Coinsurance is the percentage of your health care costs that you're responsible for paying out of pocket. It kicks in after you’ve met your deductible. Both HMOs and PPOs can require coinsurance. HMOs typically have lower coinsurance amounts compared to PPOs. 

You may have a low coinsurance for providers who are in the network with a PPO, but you may have to pay more if you choose to go to an out-of-network provider.


Make sure you review the details of your policy so you know what to expect in the way of coinsurance.

Out-of-Pocket Costs

Your out-of-pocket costs with an HMO are predictable and often less than other insurance types if you stay within the network.

Your out-of-pocket costs with a PPO can vary. You’ll typically have to pay more if you go to out-of-network providers. But out-of-network care providers might be able to balance bill you. This means you’d have to pay the difference between the amount the doctor charged and the amount your insurance company paid. 


Money you pay to out-of-network providers may not count toward your plan’s out-of-pocket maximum. You might have to pay much more than you were expecting if you seek out-of-network care.

Out-of-Network Costs 

Out-of-network care isn’t covered with an HMO unless it’s a true medical emergency. You're responsible for paying the bill if you choose to go to a provider outside your network.

Out-of-network benefits are included if you have a PPO. You’re permitted to seek care from any provider, although you might need to pay more for out-of-network providers. 

Filing Claims

You’ll most likely never have to file a medical claim if you have an HMO. Instead, your provider bills your insurance company and your insurer pays the provider directly. You usually won’t have to file claims with a PPO, but you may have to if you visit out-of-network providers.

Which Is Right for You?

HMOs and PPOs are both popular types of health insurance plans. Ask yourself these questions to help you decide which is better for you.

  • Do I need to keep my monthly costs low? An HMO might be better if you do.
  • Do I already have a doctor I prefer to keep seeing? If so, you’ll want to check and see if this doctor is in your network. A PPO might be the better choice if they're not.
  • Am I a traveler?

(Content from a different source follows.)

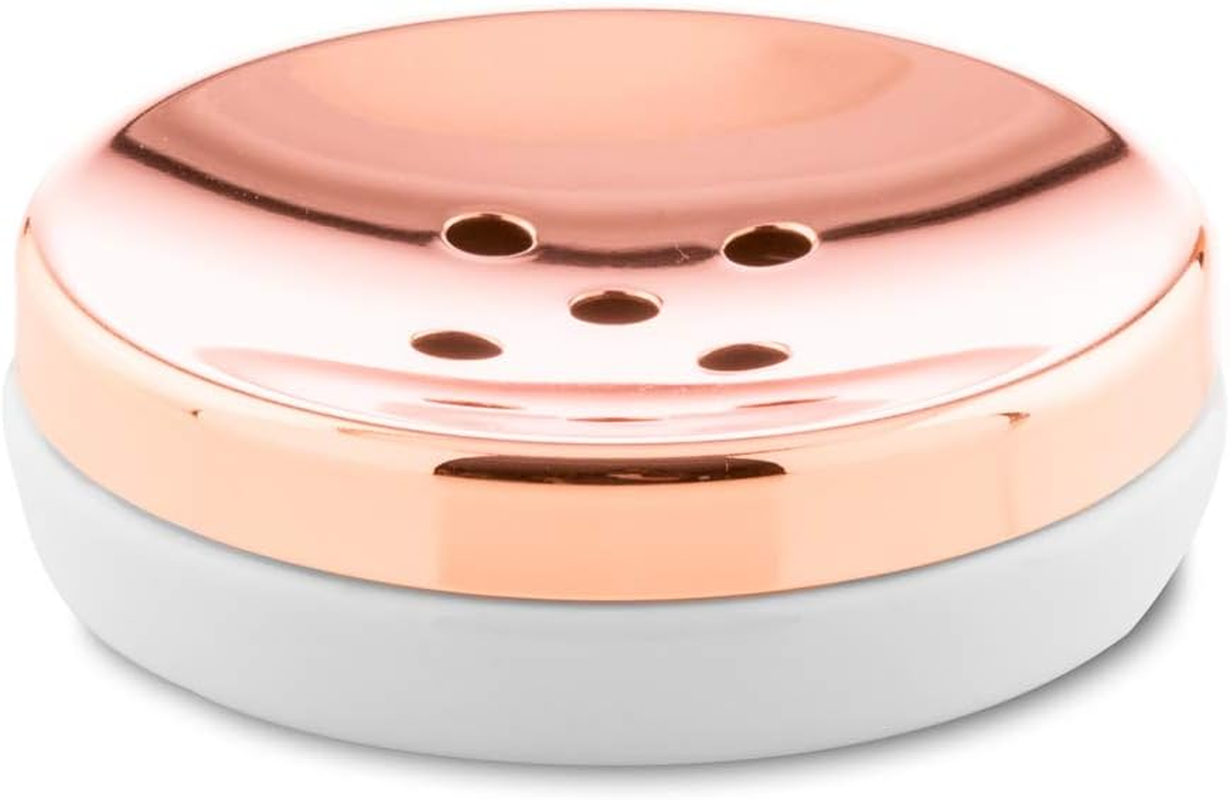 CIPI' P.Soap, White, Unique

A PPO will provide greater flexibility if you frequently travel and leave your network’s area.
  • Do I want a primary care doctor to help manage my health care needs? An HMO is the better choice if your answer is yes.
  • Do I mind having to wait to get a referral before I see specialists? You might prefer the freedom of a PPO if you don’t want to wait.

An HMO and a PPO are both solid options, but only you can decide which is right for you.

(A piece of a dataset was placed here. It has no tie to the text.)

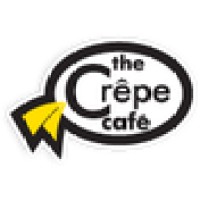 Crepes Cafe logo, Crepes Cafe contact details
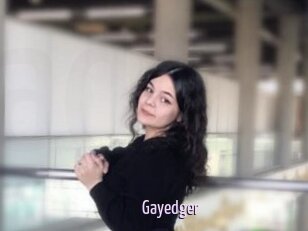 Gayedger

Frequently Asked Questions (FAQs)

How do I know if I have a PPO or an HMO?

Review your health insurance policy to see if it explains which type of plan you have. You likely have an HMO if you have a primary care provider that you’re required to go to before seeking other care. Otherwise, it could be a PPO or a different type of insurance plan.

What is a dental HMO?

A dental HMO (DHMO) requires that you pick a primary dental facility to oversee your oral health. This type of plan often costs less than other types of dental insurance. DHMOs tend to focus on preventive care through a variety of means, including encouraging you to make regular trips to the dentist.